Folha - Mas sabia que a emissão era para o pagamento de precatórios?
Hulse -
Precatórios. E, se não usado o dinheiro para o pagamento de precatórios, os recursos estariam no Tesouro. Se sobrou recurso, se foi usado para outra coisa, só um levantamento do Tesouro poderá dizer. Agora, não se deixou de pagar nenhum precatório.

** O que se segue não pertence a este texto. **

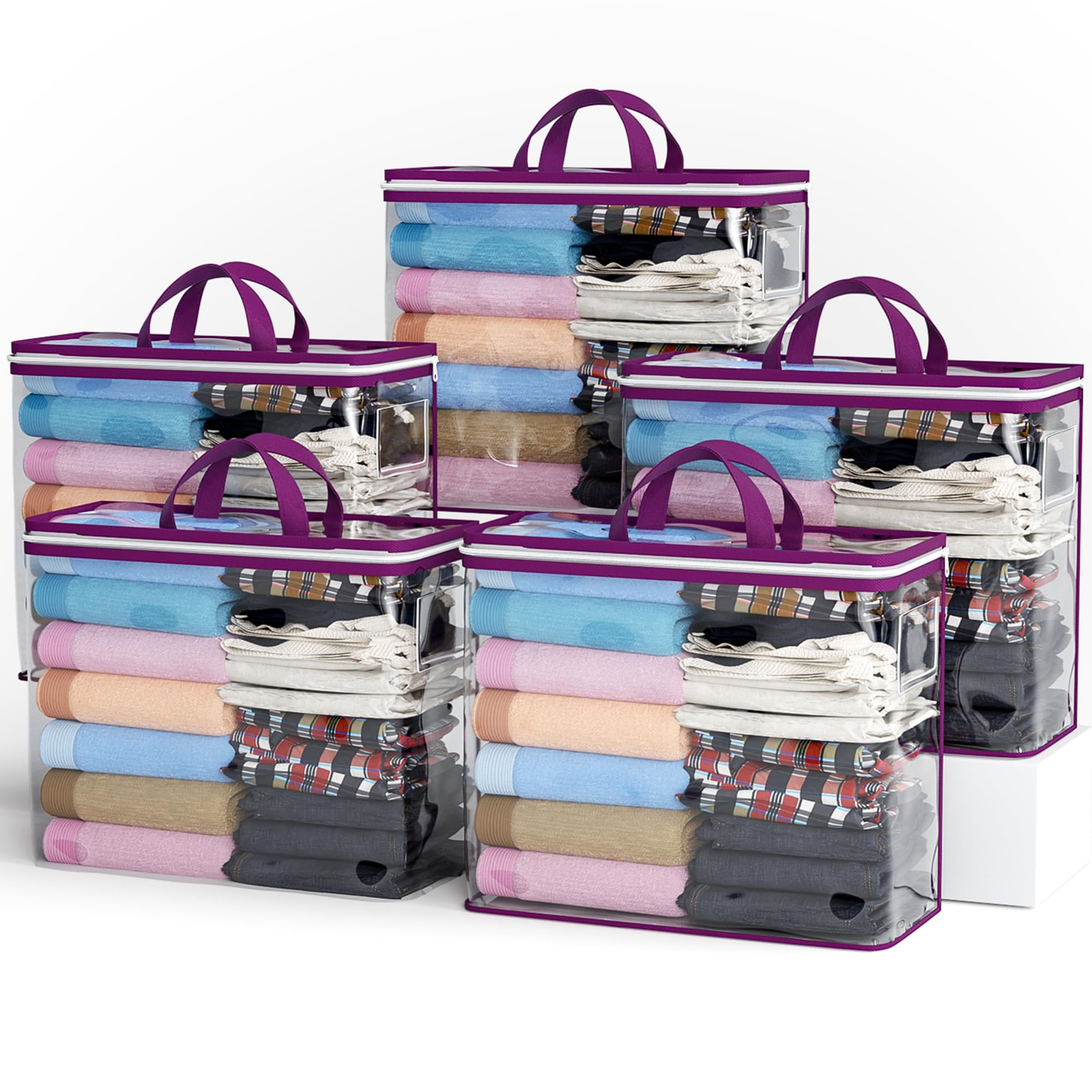 Clear Zippered Storage Bag Foldable Storage Bag, 22L Clear Storage Bags for Clothes, and Blanket Storage Bags for Bedding, CDs, Blankets, Comforters, Clothing & Toys (Purple, 5Pack)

Folha - O senhor tinha noção de que o valor dos precatórios era 6% do valor que estava sendo emitido?
Hulse -
Não, porque não me envolvi em ver valores, em conferir quantidades, em discutir se era 30 ou 300. A única coisa que fiz foi encaminhar a relação extraída do Tribunal, atualizada por uma metodologia que foi trazida por técnicos que eu nunca ouvi falar e nunca vi na minha vida. Que chegaram aqui, que estiveram na Fazenda, na Procuradoria, no Tribunal de Justiça, e de lá extraíram complementos, valores e correções que acabaram transformando os valores iniciais em valores que chegaram a R$ 600 milhões.
Folha - O senhor não sabia que o valor chegaria a isso?
Hulse -
Não, não imaginei que chegasse a tanto. Soube posteriormente. Mas todos eles calculados por técnicos que vieram com a metodologia que aplicaram em Alagoas, São Paulo, Pernambuco.